-------- Data --------

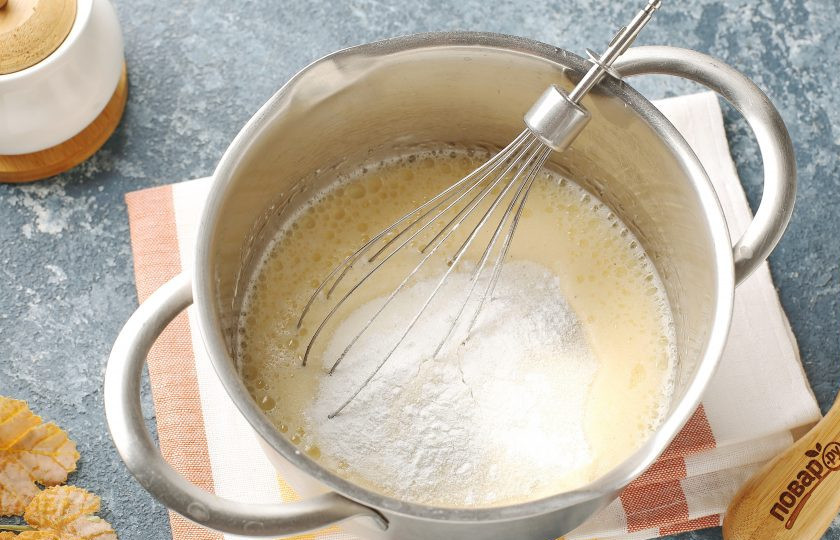 1. Этап. Рисовые блинчики: Перемешайте. Добавьте рисовую муку и разрыхлитель.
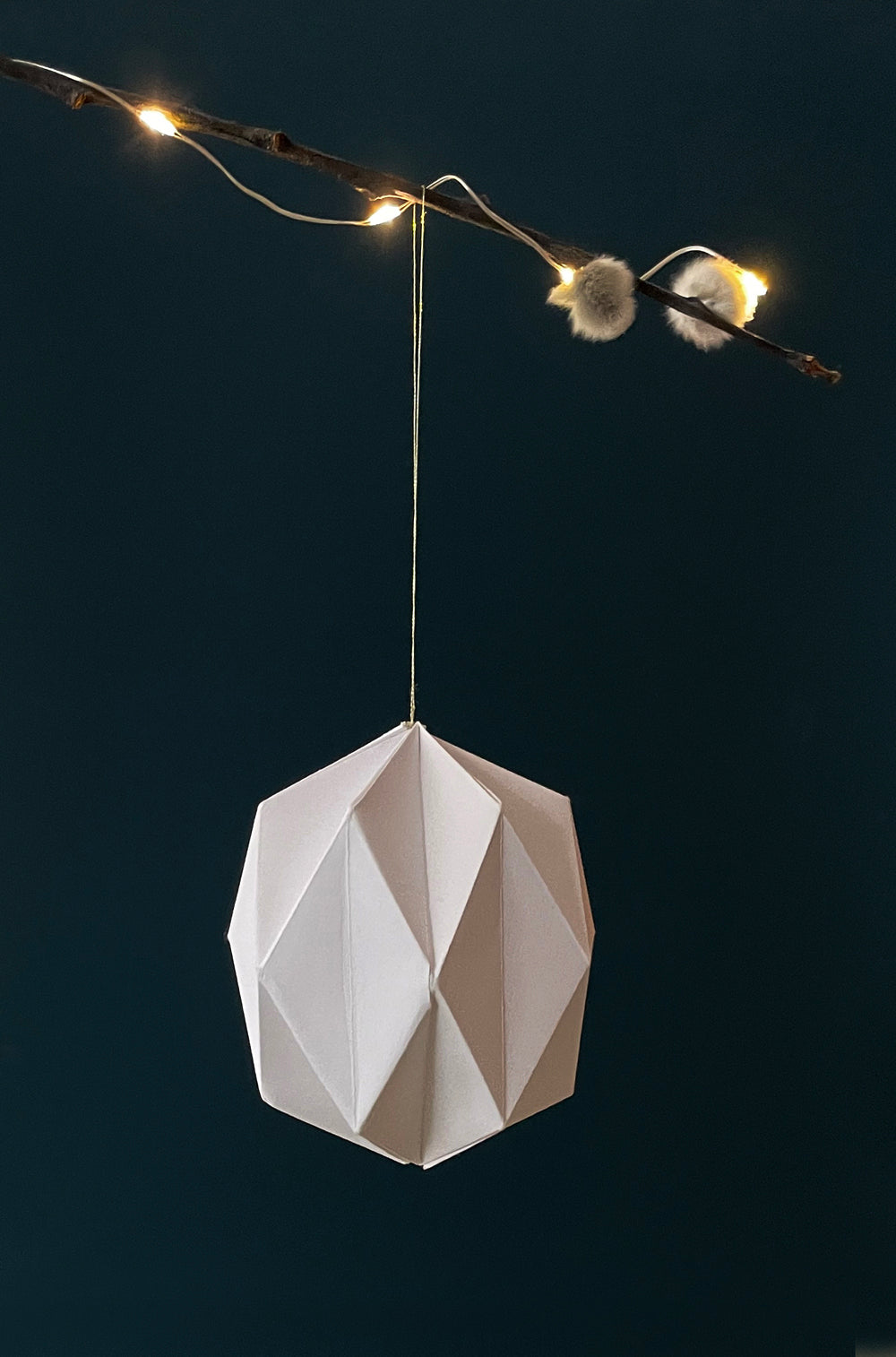 weihnachtskugel diamant origami papierliecht studio umaer 2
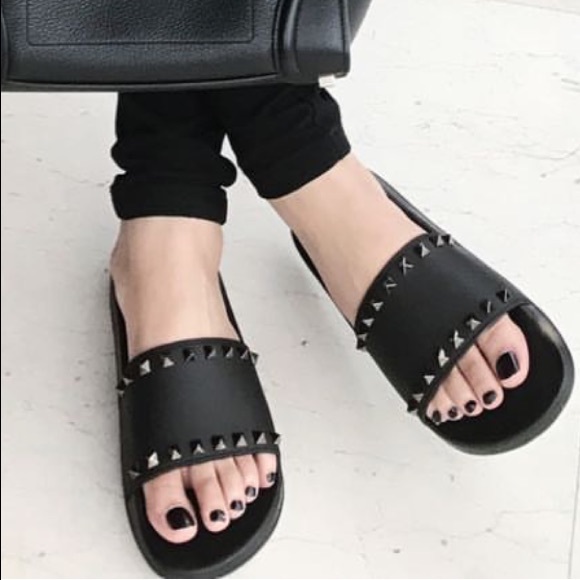valentino rockstud pool slide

--------

Please transcribe the listing above verbatim and exclude every picture.

 1. Этап. Рисовые блинчики: Перемешайте. Добавьте рисовую муку и разрыхлитель.
 weihnachtskugel diamant origami papierliecht studio umaer 2
valentino rockstud pool slide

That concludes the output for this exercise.